Given all this, we’'re in the process of making code changes and need to do that before tomorrow. We’ve priority support for Oracle and for some reasons we could not utilize that. It would be helpful if we could get the proper reasoning as soon as possible (if EOD today, much appreciated).

Let me know if you need some more information.

Thanks.

tahir.manzoor · December 10, 2014, 11:54pm

Hi Praneeth,

Thanks for sharing the detail. We are in communication with our development team about your query and will get back to you as soon as possible.

tahir.manzoor · December 11, 2014, 11:04am

Hi Praneeth,

Thanks for your patience. I have received response from our development team. Please check the following information about your query.

#1. LayoutEnumerator is a helper class which works with a document instance. It does not have any state information for the document, neither it stores any document data. There is a reference to the document yet enumerator instance is neither used nor referenced by the document. It does not matter if it was ever created or had been garbage collected.

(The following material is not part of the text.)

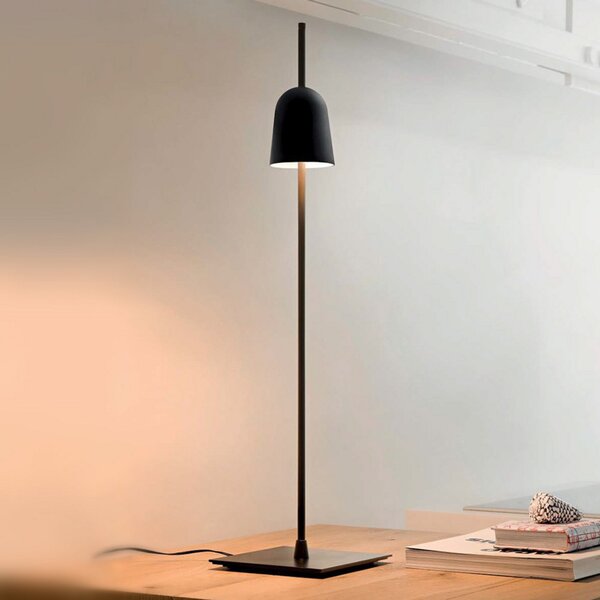 Stolové Lampa Luceplan, Ascent, stmievateľné, Čierna, Obývacia izba, Kov, Dizajnový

#2. Creating LayoutEnumerator should not add time to PDF generation. However when LayoutEnumerator is created it will build page layout model of the document if one does not exist yet and this is time consuming. But this will not happen again inside Save method (and thus will reduce Save time) unless save options passed into Save method have non-default values for the members which affect page layout model of the document (in which case page layout model will be rebuilt again).

#3. Generation of PDF internally does not create LayoutEnumerator, it builds page layout model. LayoutEnumerator on the other side will build page layout model too if one does not exist yet for the document.

Now getting back to the question “How document utilizes layout enumerator’s information”. Both document and layout enumerator utilize page layot model information instead. And this is referenced from the document. Basically when LayoutEnumerator is created it checks if page layout model for the document exists. If it does not then enumerator will build it. In this sense state of the document will change when enumerator is created before Save for the document has been called. If page layout model for the document exists then creating LayoutEnumerator has no effect on document.

If there is a need to use enumerator to analyze the document before it is Saved then make sure you do not change either document itself or options which affect its output (page layout) since that will invalidate the data analyzed and therefore results of that analysis.